HBase Storage Cells
HBase stores data as a group of values, or cells, uniquely identified by a key. Using a key, you can look up the data for records stored in HBase very quickly, and also insert, modify, or delete records in the middle of a dataset. HBase makes this possible by keeping data organized by storage key.
While HDFS writes files into statically configured partitions, HBase dynamically groups keys, as needed, into files. When a group of records (a region) grows too large, HBase splits it into two regions. As more data is added, regions grow more specific, and the boundary between regions could be between any two keys.
Data cells are organized by column family, and then column qualifier. The cells form columns and groups of columns in a table structure. For example, a user's data can be stored using the e-mail address for a key, then a "name" column family with "first" and "last" qualifiers. We end up with a view that looks like this:
| key | name family |
| (e-mail) | first| last |
| -------------- | -----| --------- |
| buzz@pixar.com | Buzz | Lightyear |
HBase partitioning
Kite uses a dataset's partitioning strategy to make storage keys for records. In HDFS, the key identifies a directory where the record is stored along with others with the same key (for example, events that happened on the same day). In HBase, keys are unique, making it very fast to find a particular record. A key in HBase might be an ID number or an e-mail address, as in the example above.
When configuring a partitioning strategy for HBase, always include a field that uniquely identifies the record.
Organizing data
Good performance comes from being able to ignore as much of a dataset as possible.

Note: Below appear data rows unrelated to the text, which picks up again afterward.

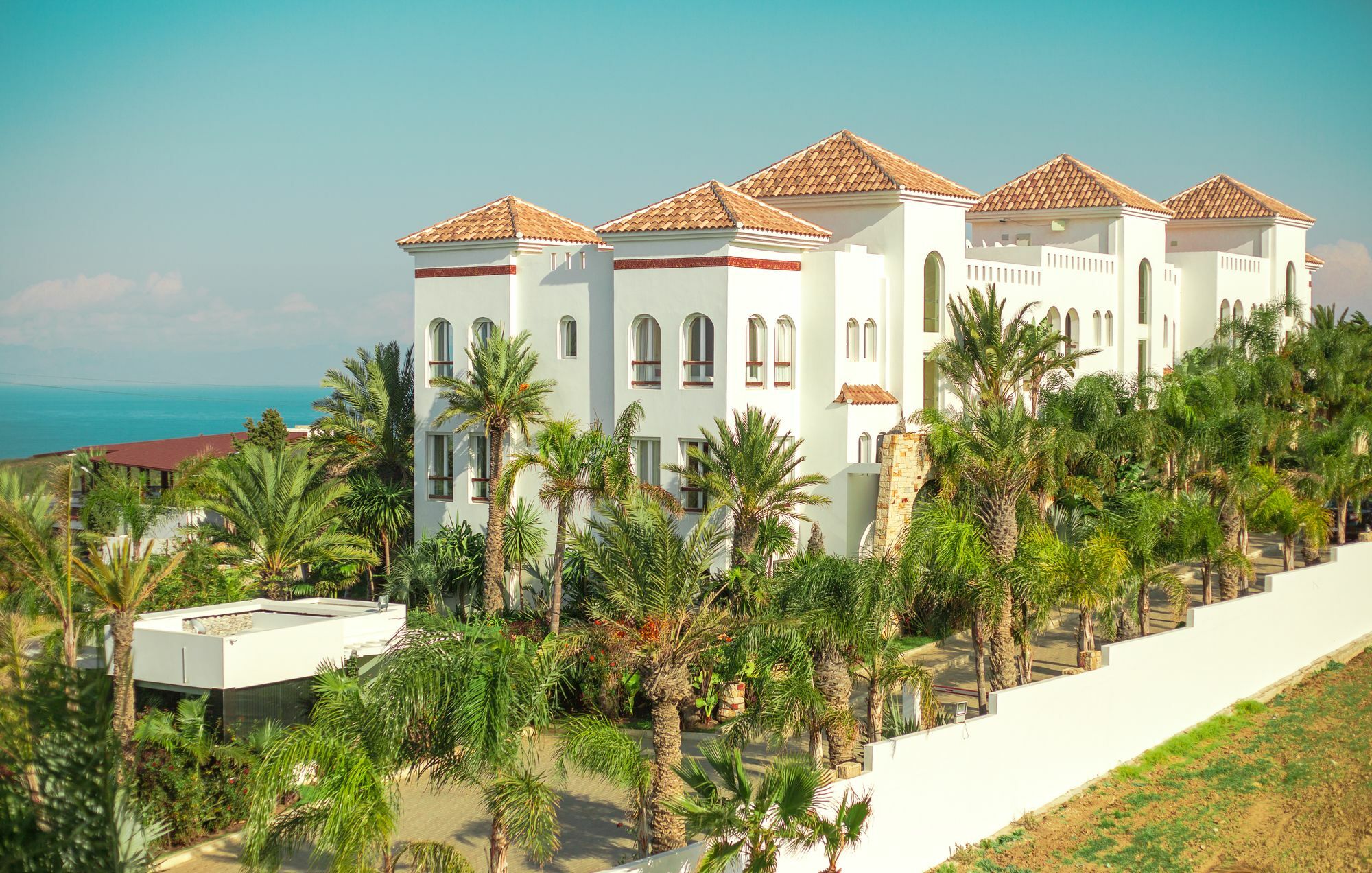 Mnar Castle Aparthotel Tangier Bagian luar foto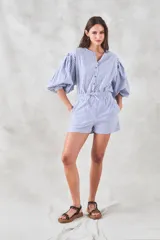 Camisa de algodón con rayas celestes y blancas, de corte al cuerpo y manga 3/4.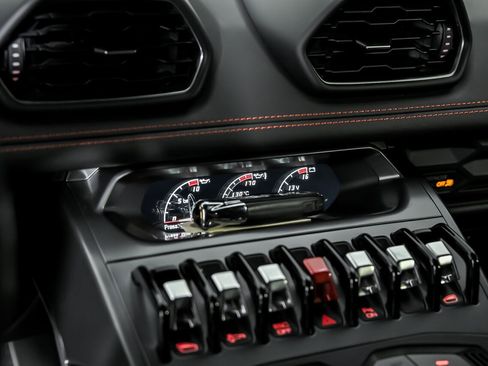 Used 2015 Lamborghini Huracan LP 610-4 image 32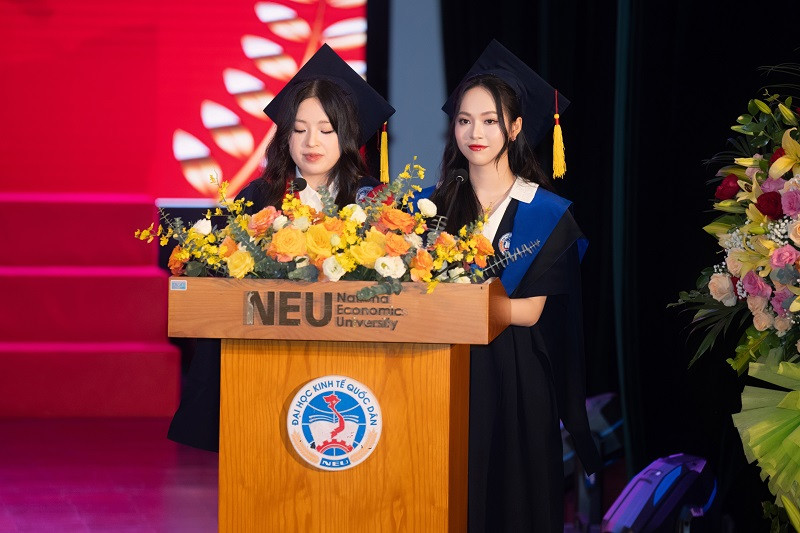 Tối ngày 27/8, Á hậu Trịnh Thùy Linh tham dự lễ tốt nghiệp của trường Đại học Coventry, Viện đào tạo Quốc tế, trường Đại học Kinh tế Quốc dân. Tại đây, cô đã đại diện các sinh viên cùng khóa phát biểu với cương vị Thủ khoa ngành Kinh doanh và Marketing.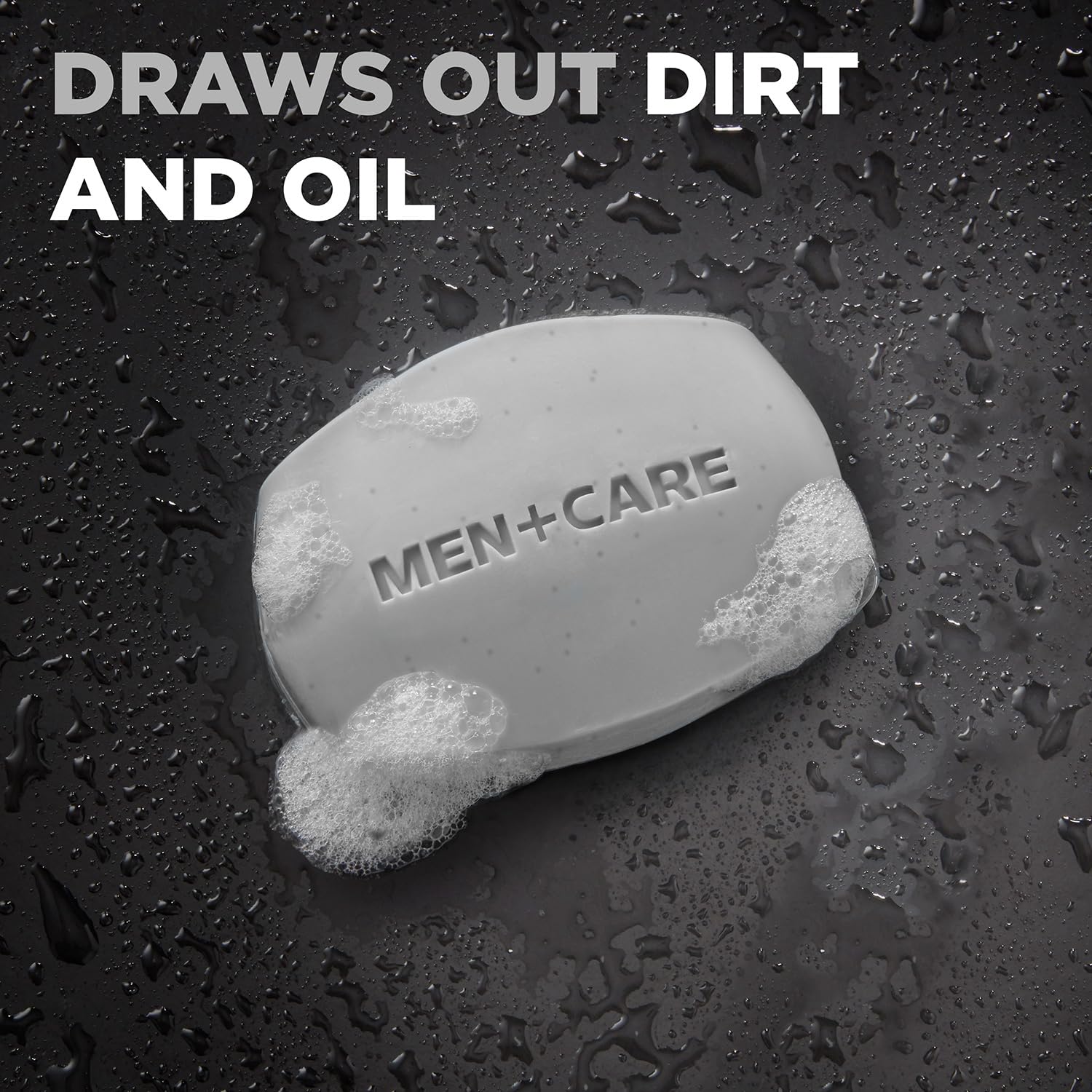 Dove Men+Care barra siendo usada en la ducha mostrando fácil aplicación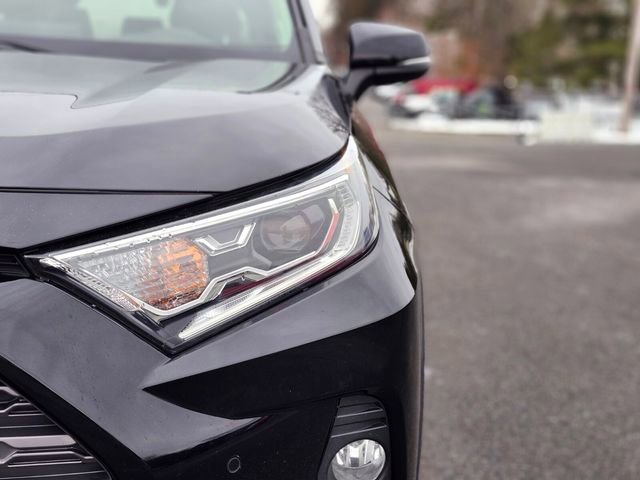 Used 2020 Toyota RAV4 Limited image 10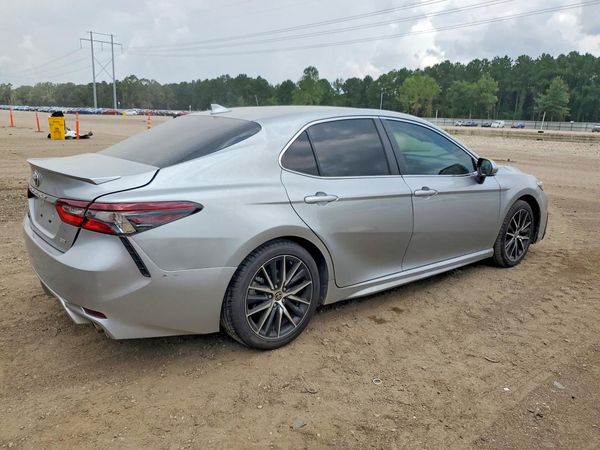 2023 TOYOTA CAMRY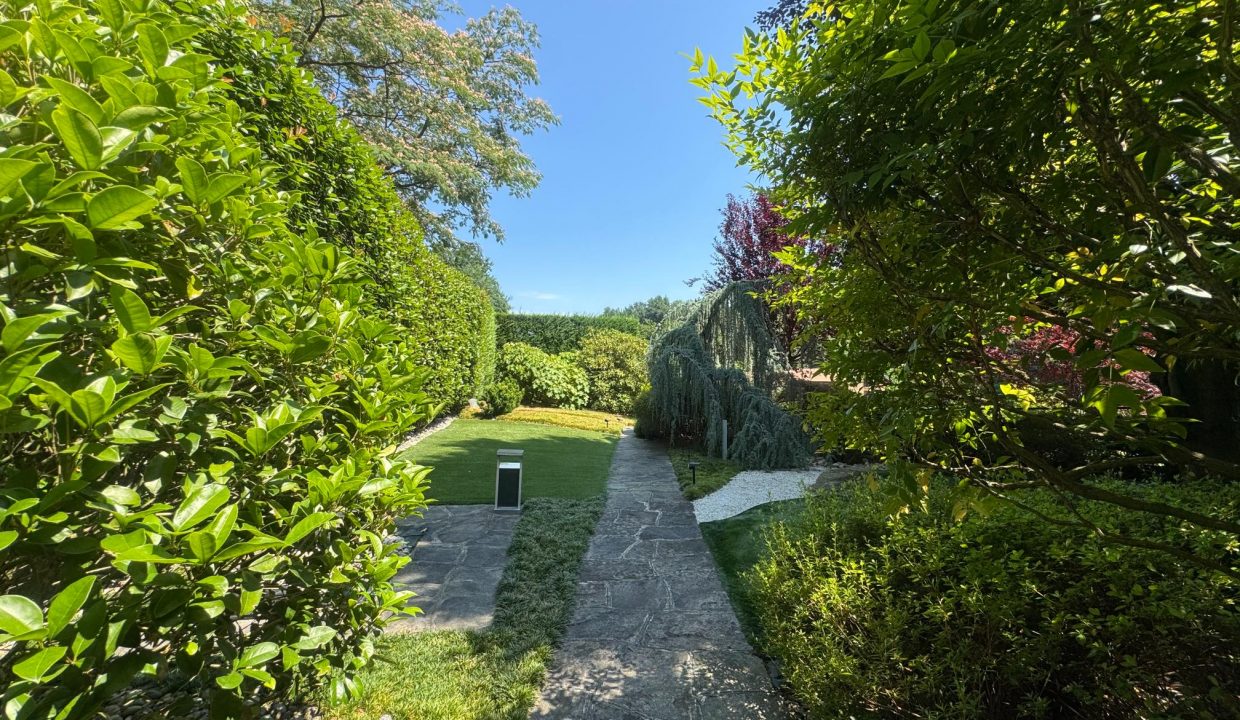 Villa-di-testa-giradino-terrazzo-box-doppio-cassano-magnago-malpensa-milano-varese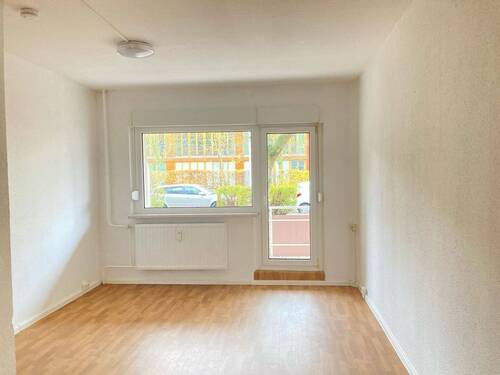 Wohnzimmer (Musterbild) - Kompakte 3 Zimmer mit Wohnküche & Balkon - ideal für die kleine Familie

HBase partitioning works just like HDFS, even though you don't know where the partition boundaries are. The same guidelines for performance still apply: your partitioning strategy should start with information that helps eliminate the most data.
For example, storing events in HDFS by year, then month, and then day, allows Kite to ignore files that can't have data in a given time range. A similar partition strategy for HBase would include the entire timestamp, because the region boundaries are not statically set ahead of time and might be small.